LAST SYMPOSIUM

The INHIGEO Annual Conference for 2025 was scheduled as follows:

2025 – 50th INHIGEO Symposium, New Zealand, Dunedin in association with the 27th International Congress of History of Science and Technology (ICHST). The Congress was held as a hybrid event, in person and online: delegates registered for virtual participation were able to both present and participate online.

INHIGEO organized three thematic sessions or symposia.

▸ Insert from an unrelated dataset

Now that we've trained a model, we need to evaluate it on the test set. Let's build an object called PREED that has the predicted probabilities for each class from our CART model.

Symposia leads: Martina Kölbl-Ebert, Ezio Vaccari.
Geological materials and geological phenomena are part of human resources and environment in all cultures and from the earliest times of human existence to the present. Use of materials, observation of landscape and encounters with various geological hazards has shaped human experience, knowledge, mythology and spirituality everywhere, before, outside and beyond a contemporary and ideally but often not truly trans-cultural scientific worldview. A compared history of the knowledge and the interpretations of natural phenomena related to the Earth’s surface within cultures in different historical ages and in several parts of the world (in particular Asia, Oceania, America, Africa) is still very little developed in the historiography of sciences.
While the extent of mythological ‘proto-geological’ views or ideas in the Ancient and Classical world in Europe and the ‘Near East’ has been recently studied to some extent, as in the case of seismic and volcanic phenomena, the perception of ‘geological’ phenomena within indigenous communities outside this limited region is still wanting extended investigations, in order to address a long-standing desideratum within the historiography of the geological sciences. Sources include the use of archaeological tools, objects of material culture, as well as oral history.

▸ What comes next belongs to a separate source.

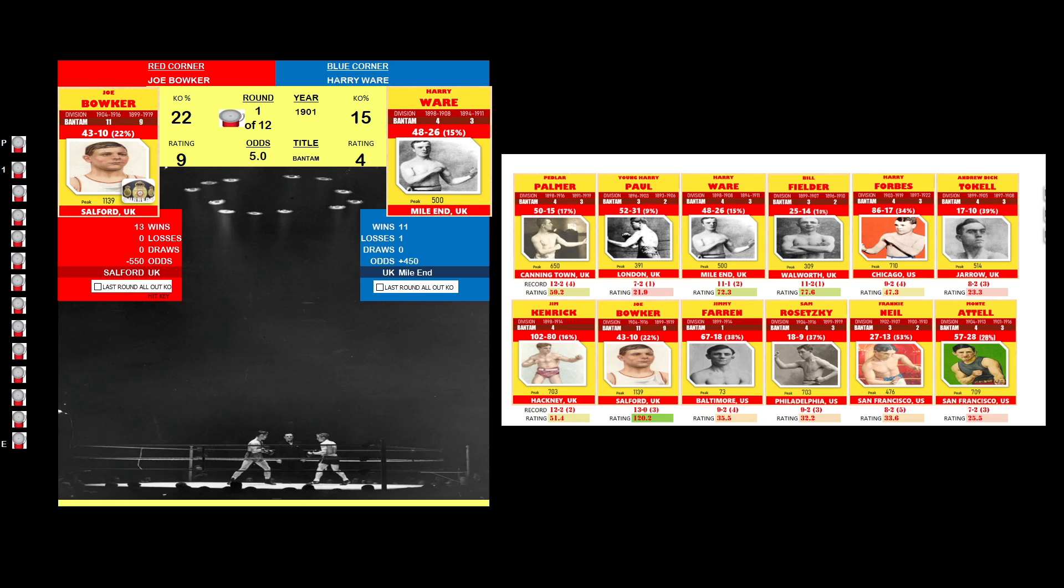Our next bout. This bout is for the Bantam world title. In the red corner, from Salford UK, Joe Bowker. His record: 13 wins, 0 losses, 0 draws.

Symposia leads: Kathleen Histon, Carol Bacon
The aim of this symposium is to focus on an aspect of the history of formulation of ideas and development of theories within the geological sciences, that of looking for traces of their elaboration within the geological field observations in notebooks of naturalists/geologists. Apart from observations and sketches of features seen and places visited, such evidence may often be denoted just by a question mark next to the notes or a scribble on a sketch.The focus of this symposium was on one aspect of the history of idea formulation and theory development in the geological sciences: the search for traces of their development in geological field observations and in the notebooks of naturalists/geologists. In addition to observations and sketches of observed features and visited locations, such evidence can often be indicated simply by a question mark next to the notes or a scribble on a sketch.
The notebook is often where the person elaborates ideas, interpretations and theories centred around what they have observed and exchanges with locals or other travellers. Sometimes notes may be flanked by reference to specific correspondents and questions to pose and circulate in future correspondence. They may refer to literature read associated to the local geology/studies and to other areas with which to compare what has been seen.
Thematic presentations ranging from the 18th to 20th century touched upon and opened discussion by the panel of the following topics:
•     How do the published theories/observations compare/differ from the reflections in the field?
•     Is there a change over time from geological notes within travel diaries and journals of naturalists to the more specific notebook reserved for geological observations during individual field surveys and institutional mapping campaigns, i. e. national geological surveys?
•     What role do drawings, cross-sections, sketches, etc. (drawn directly in the field or also later during the fieldtrip / travel play in the development and the definition of a visual language of geology?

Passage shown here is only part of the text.